SOURCE INFORMATION -
--- START ---

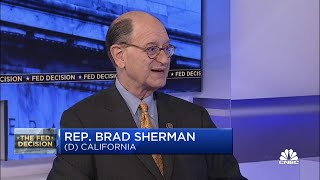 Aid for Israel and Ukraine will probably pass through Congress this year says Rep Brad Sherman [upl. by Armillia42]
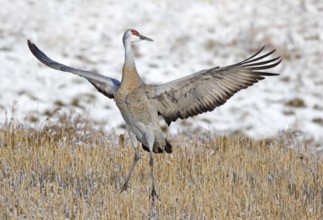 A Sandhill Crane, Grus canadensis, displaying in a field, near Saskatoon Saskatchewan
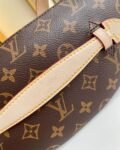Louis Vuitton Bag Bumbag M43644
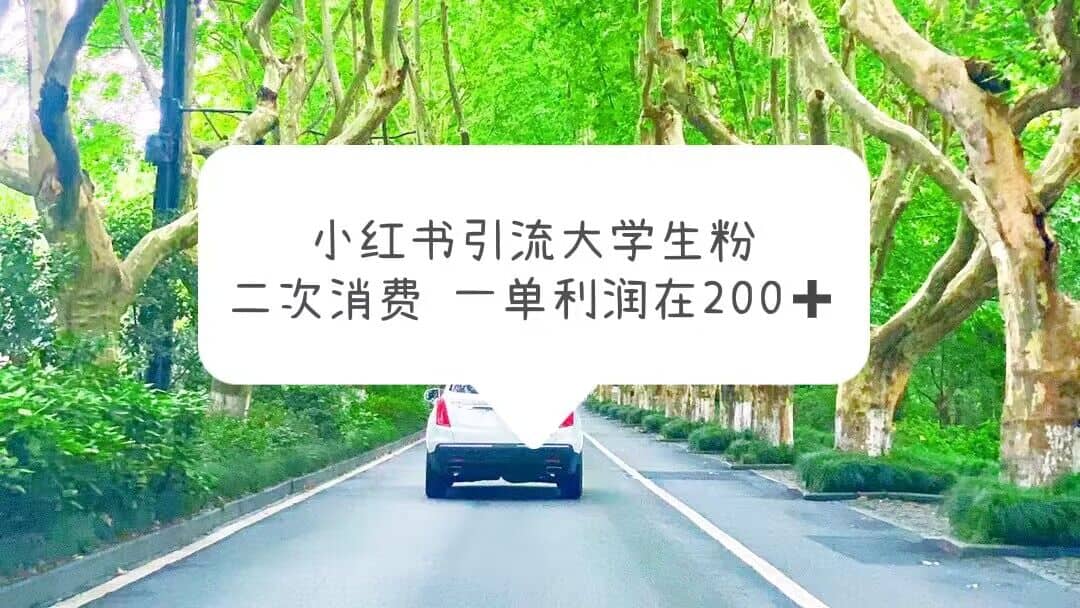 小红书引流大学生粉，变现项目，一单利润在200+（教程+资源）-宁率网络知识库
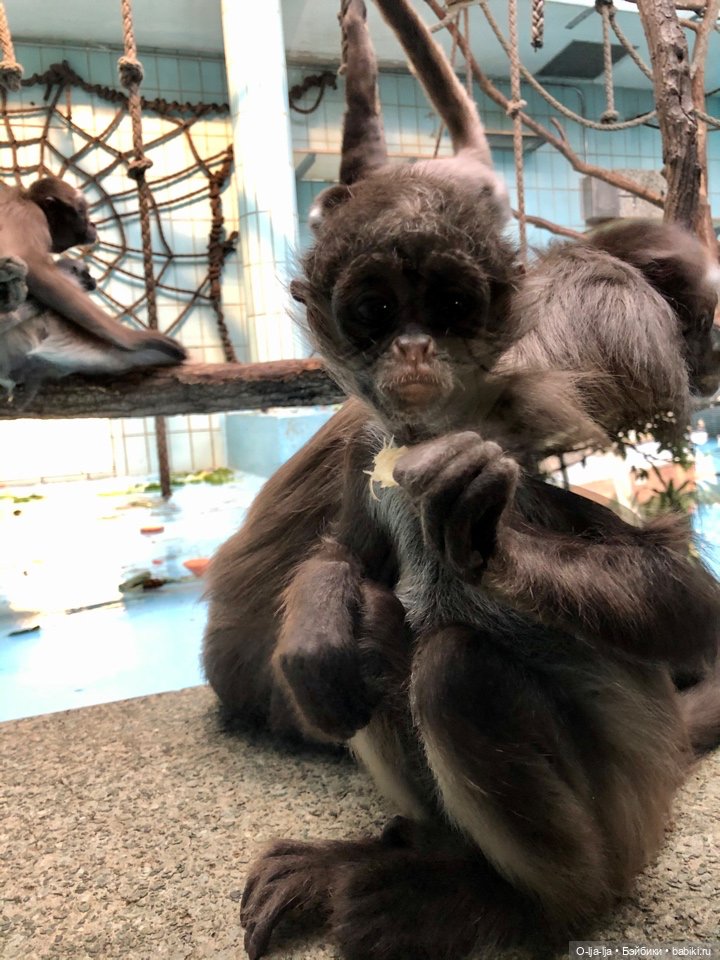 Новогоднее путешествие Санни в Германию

--- END ---
--- START ---

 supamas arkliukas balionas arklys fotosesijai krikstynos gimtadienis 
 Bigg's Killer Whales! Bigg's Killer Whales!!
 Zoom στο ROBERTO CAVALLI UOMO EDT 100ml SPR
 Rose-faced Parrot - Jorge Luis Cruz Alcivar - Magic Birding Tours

--- END ---

TRY IT - Between and including the line with "Aid for Israel" and the line with "Новогоднее путешествие Санни в Германию", repeat every line exactly as it appears above, with pictures left out.

ANSWER -
 Aid for Israel and Ukraine will probably pass through Congress this year says Rep Brad Sherman [upl. by Armillia42]
 A Sandhill Crane, Grus canadensis, displaying in a field, near Saskatoon Saskatchewan
Louis Vuitton Bag Bumbag M43644
 小红书引流大学生粉，变现项目，一单利润在200+（教程+资源）-宁率网络知识库
 Новогоднее путешествие Санни в Германию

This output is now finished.